### RECORDS SHOWN
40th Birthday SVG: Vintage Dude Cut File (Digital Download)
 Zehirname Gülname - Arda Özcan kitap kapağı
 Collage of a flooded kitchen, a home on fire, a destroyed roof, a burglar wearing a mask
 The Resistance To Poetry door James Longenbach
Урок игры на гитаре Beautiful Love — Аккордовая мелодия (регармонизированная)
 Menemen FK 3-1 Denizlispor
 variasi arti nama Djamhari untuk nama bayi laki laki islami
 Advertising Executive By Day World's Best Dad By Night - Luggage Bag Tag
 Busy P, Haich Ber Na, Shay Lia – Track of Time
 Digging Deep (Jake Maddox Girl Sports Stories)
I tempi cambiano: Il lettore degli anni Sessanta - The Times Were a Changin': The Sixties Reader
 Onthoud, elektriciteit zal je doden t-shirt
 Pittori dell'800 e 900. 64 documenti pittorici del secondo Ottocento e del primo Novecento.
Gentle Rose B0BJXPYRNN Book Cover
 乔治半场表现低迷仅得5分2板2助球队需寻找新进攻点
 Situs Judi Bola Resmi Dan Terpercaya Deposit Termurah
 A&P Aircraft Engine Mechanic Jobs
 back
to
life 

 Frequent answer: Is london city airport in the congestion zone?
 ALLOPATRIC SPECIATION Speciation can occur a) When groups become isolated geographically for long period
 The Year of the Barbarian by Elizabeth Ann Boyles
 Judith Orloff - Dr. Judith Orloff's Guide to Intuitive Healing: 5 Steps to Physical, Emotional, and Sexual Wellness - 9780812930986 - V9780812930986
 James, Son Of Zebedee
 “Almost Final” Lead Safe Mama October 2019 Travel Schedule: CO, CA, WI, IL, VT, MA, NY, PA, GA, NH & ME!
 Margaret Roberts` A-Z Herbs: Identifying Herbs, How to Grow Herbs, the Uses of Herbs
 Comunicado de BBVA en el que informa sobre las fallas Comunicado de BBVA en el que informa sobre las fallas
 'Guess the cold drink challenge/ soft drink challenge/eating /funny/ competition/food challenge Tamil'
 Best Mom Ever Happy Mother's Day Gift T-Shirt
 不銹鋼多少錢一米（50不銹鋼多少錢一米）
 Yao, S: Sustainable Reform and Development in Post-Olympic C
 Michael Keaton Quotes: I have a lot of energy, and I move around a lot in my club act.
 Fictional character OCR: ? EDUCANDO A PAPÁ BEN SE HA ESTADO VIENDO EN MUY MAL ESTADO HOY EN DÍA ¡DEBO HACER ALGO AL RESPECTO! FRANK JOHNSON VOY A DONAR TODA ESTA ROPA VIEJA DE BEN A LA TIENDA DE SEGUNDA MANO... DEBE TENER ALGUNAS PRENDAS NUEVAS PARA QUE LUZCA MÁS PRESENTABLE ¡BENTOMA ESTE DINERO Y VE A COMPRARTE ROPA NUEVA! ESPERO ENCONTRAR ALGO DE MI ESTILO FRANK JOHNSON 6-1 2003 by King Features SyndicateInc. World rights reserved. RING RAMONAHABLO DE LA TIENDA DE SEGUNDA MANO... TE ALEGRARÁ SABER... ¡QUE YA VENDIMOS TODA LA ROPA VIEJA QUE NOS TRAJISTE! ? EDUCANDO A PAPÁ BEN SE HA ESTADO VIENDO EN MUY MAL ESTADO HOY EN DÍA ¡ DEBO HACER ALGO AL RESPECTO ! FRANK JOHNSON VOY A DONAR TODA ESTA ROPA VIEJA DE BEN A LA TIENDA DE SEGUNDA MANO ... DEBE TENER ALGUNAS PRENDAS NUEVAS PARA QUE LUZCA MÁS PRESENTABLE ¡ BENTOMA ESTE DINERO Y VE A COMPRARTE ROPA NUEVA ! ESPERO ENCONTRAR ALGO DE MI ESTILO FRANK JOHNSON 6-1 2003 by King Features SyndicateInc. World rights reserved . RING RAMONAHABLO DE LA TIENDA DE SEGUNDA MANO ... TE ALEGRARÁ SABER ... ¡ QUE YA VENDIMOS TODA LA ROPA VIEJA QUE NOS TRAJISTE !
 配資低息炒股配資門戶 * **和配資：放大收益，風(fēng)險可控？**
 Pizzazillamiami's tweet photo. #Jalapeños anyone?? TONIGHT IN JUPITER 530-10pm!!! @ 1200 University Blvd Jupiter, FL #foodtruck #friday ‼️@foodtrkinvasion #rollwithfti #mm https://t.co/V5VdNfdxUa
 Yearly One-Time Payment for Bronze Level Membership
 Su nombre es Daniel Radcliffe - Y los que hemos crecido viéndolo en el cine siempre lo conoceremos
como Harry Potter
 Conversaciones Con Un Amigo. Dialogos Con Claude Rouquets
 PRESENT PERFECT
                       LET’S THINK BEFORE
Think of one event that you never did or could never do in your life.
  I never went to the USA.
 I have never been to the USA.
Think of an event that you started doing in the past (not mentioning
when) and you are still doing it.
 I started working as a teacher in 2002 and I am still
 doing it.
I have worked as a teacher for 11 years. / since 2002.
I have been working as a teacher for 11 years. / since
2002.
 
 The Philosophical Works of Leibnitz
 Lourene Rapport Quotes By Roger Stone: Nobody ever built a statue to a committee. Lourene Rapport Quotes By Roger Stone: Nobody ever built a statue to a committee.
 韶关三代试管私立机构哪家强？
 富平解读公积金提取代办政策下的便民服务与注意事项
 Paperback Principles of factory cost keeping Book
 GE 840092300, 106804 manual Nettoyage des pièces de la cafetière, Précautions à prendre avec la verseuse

### ACTION ITEM
From the very first line of the data through the line with "Onthoud, elektriciteit zal je doden t-shirt" in it, please reproduce each line exactly and output nothing more.

### RESULT FOR THIS TASK
40th Birthday SVG: Vintage Dude Cut File (Digital Download)
 Zehirname Gülname - Arda Özcan kitap kapağı
 Collage of a flooded kitchen, a home on fire, a destroyed roof, a burglar wearing a mask
 The Resistance To Poetry door James Longenbach
Урок игры на гитаре Beautiful Love — Аккордовая мелодия (регармонизированная)
 Menemen FK 3-1 Denizlispor
 variasi arti nama Djamhari untuk nama bayi laki laki islami
 Advertising Executive By Day World's Best Dad By Night - Luggage Bag Tag
 Busy P, Haich Ber Na, Shay Lia – Track of Time
 Digging Deep (Jake Maddox Girl Sports Stories)
I tempi cambiano: Il lettore degli anni Sessanta - The Times Were a Changin': The Sixties Reader
 Onthoud, elektriciteit zal je doden t-shirt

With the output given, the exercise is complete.